Published: Wed 21 May 2003 10:35 AM
Maharey reissues National’s 1998 welfare policy
Confirmation that the National Party is unable to move on from the policies which lost it the 1999 election will come today when it releases its welfare statement, says Social Development and Employment Minister Steve Maharey.
Steve Maharey today released his own pick on the likely contents of the welfare statement – Jenny Shipley’s 1998 proposed Code of Social and Family Responsibility.
Steve Maharey said ‘back to the future’ bumper sticker welfare policies failed in the 1990s and would fail again if National ever got the chance to try and implement them.
“All the indications are that National’s welfare policy will decisively show that the party has not moved on from the 1990s. It is likely to contain a few more beneficiary bashing ideas but will mostly rehash things National tried, and which failed, when they were in government.
“National spent almost $2 million consulting on it’s proposed Code of Social and Family Responsibility, sending glossy leaflets to every household. 93,000 submissions were received on the Code (about a 6.7 percent response rate) and they were overwhelmingly against it, forcing National into an embarrassing backdown.

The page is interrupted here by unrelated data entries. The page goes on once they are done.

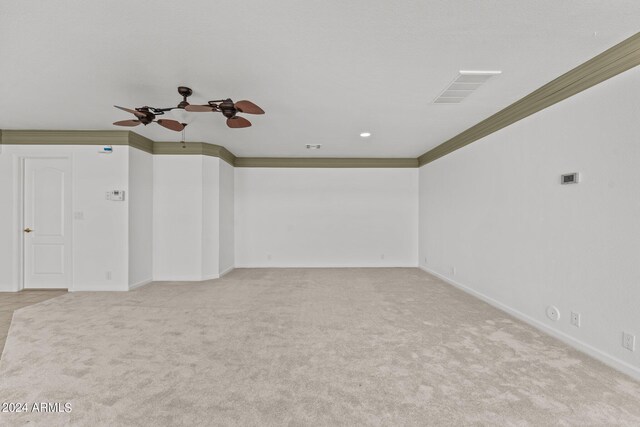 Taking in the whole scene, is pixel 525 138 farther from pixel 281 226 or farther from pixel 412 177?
pixel 281 226

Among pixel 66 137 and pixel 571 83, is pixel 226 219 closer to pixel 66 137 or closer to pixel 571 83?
pixel 66 137

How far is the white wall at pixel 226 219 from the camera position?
19.6 feet

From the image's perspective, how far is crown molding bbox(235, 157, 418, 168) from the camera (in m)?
6.84

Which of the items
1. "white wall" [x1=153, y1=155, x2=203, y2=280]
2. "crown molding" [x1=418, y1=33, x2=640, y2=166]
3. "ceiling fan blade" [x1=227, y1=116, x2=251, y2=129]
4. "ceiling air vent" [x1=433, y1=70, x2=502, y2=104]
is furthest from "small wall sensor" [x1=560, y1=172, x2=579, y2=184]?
"white wall" [x1=153, y1=155, x2=203, y2=280]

“It is deeply ironic that National is still coming up with these kinds of beneficiary bashing ideas because the beneficiary population has fallen to levels dramatically lower than they themselves presided over. Unemployment, for instance, is down 33 percent since we came to office. The number of working age beneficiaries (both work-tested and non work-tested) was 386,000 in 19999 and now stands at 345,000 people.
“We know that reform of the welfare system is essential because we have to give people more support to find and keep paid work. We intend to keep the reform programme moving forward because it is turning around lives of thousands of New Zealanders.
“The government has six simple reform principles: building a simpler benefit system; making work pay and investing in people; . . / 2 supporting families and children; building partnerships with the community; outlining mutual responsibilities; and tackling poverty and social exclusion.
“The bumper sticker policies National will promote today are intellectually dishonest because the party knows they did not work when they last tried them.
“They are politics not policy. They tell us more about the internal wrangles for ideological supremecy within the National Party than they reveal about that party’s true agenda if it was ever to govern New Zealand again.
“It’s clear that neither Bill English or Katherine Rich believe these ideas could work in practice. They can only be floated as potential ‘policies’ because National knows they will never have to implement them,” Steve Maharey said.